Thomas Conway wrote:
On 6/18/07, apfelmus
wrote: Do you need the hash function for a hash table or for fingerprints/signatures? In the former case, Tries are a much better choice. For launching your own trie, see also
I'm actually using them for bucket addressing for external indexing with a linear hash table. (Yes, the hashing does count, because buckets are cached in memory.)
It always seems something of a shame that if you want all the benefits of lazy functional programming, you too often have to settle for O(n log n) data structures.
Trie it is, not balanced tree. A logarithm in this would be new to me. :) As a side node, Mr. Exp says: 64 is large enough for the size needs of any logarithm.

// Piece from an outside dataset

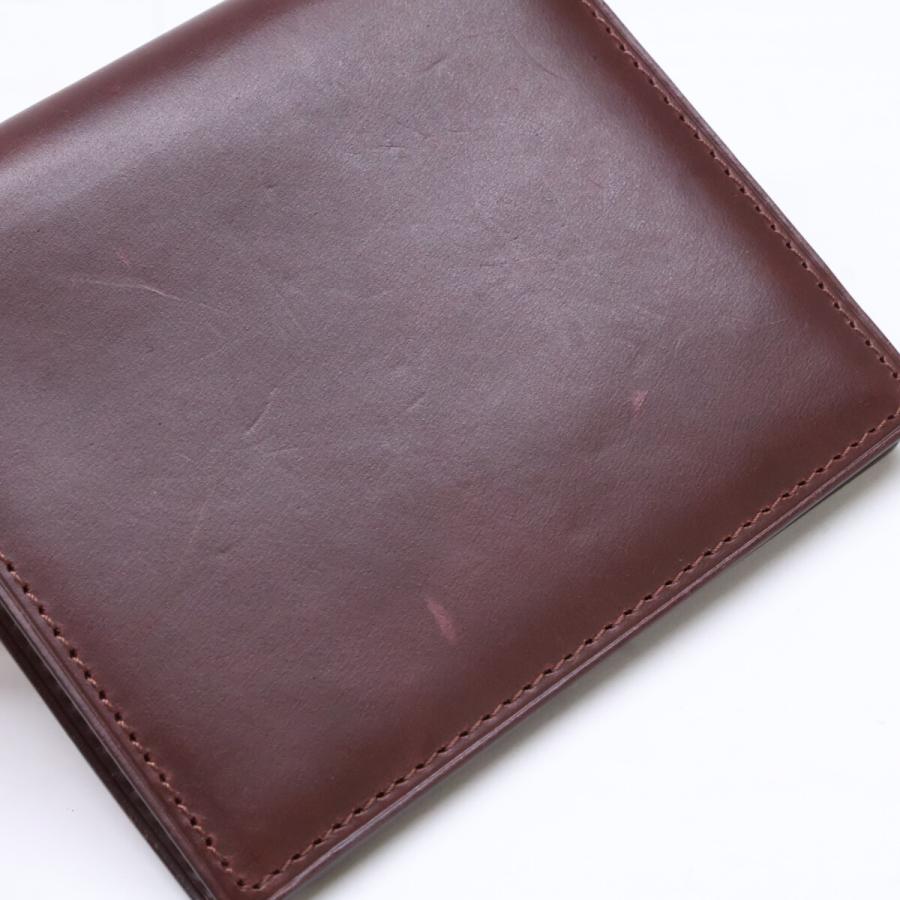 GANZO（ガンゾ） 美品 MYSTIC ミスティック ホーウィンレザー 札入れ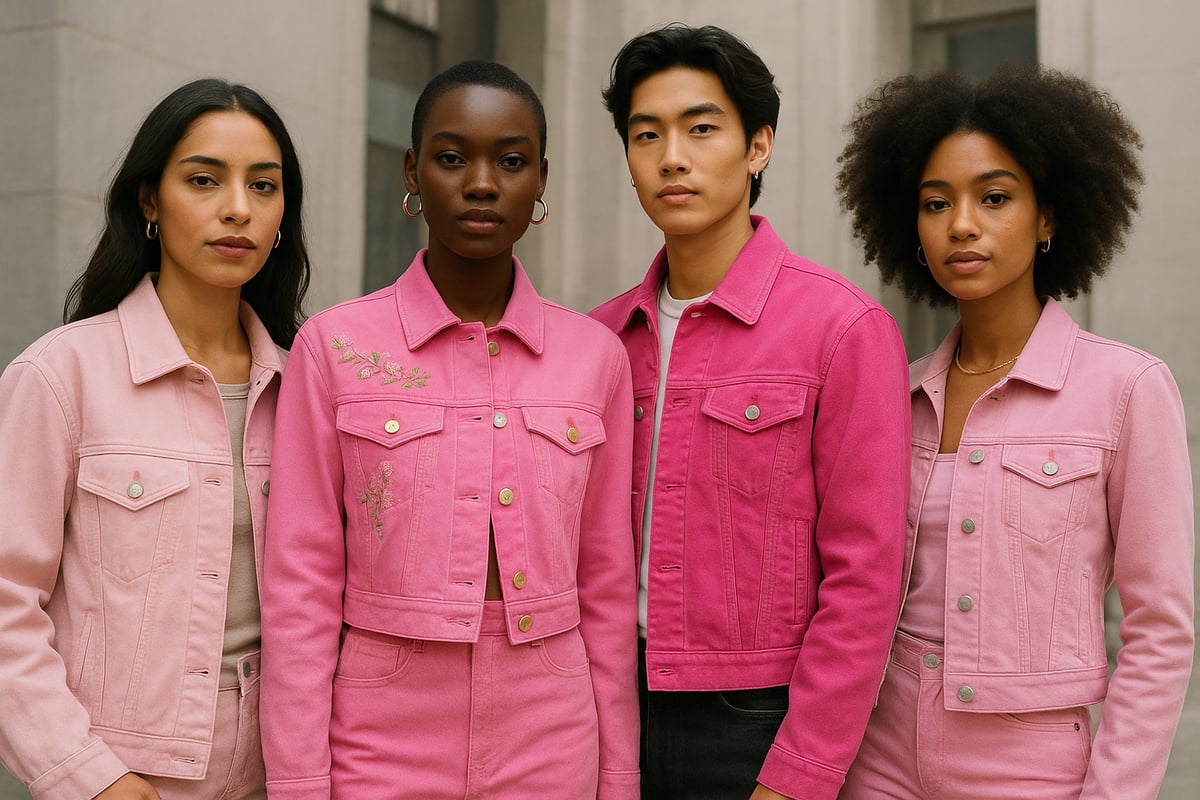 The Pink Denim Jacket Trend in 2026: What’s New?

type HashTable k v = TVar (Array Int (TVar [(k,v)]))
Don't you want a TArray Int [(k,v)]? In any case, you could be able to set up an infinite trie and have lazy evaluation allocate space as needed: type Trie a = Branch (TVar a) (Trie a) (Trie a) -- an infinite tree with different TVars at every branch {-# NOINLINE tree -#} tree :: a -> Trie a tree x = Binary (unsafePerformIO $ newTVarIO x) (tree x) (tree x) The intention is that the different threads concurrently evaluate the suspension as far as they need to lookup/insert a key. The associated value can be put into the fresh TVar they find there. The tree structure itself is left untouched. Of course, it is imperative that all threads see the same TVars. I don't know how thunk updates are handled in a concurrent setting, but as they are write-once only and referentially transparent, i see no major problem with them. Regards, apfelmus PS: Hm, it's probably safer to code the lazy evaluation in the trie manually. As a side effect, you are then able to garbage collect unused but expanded parts of the trie from time to time.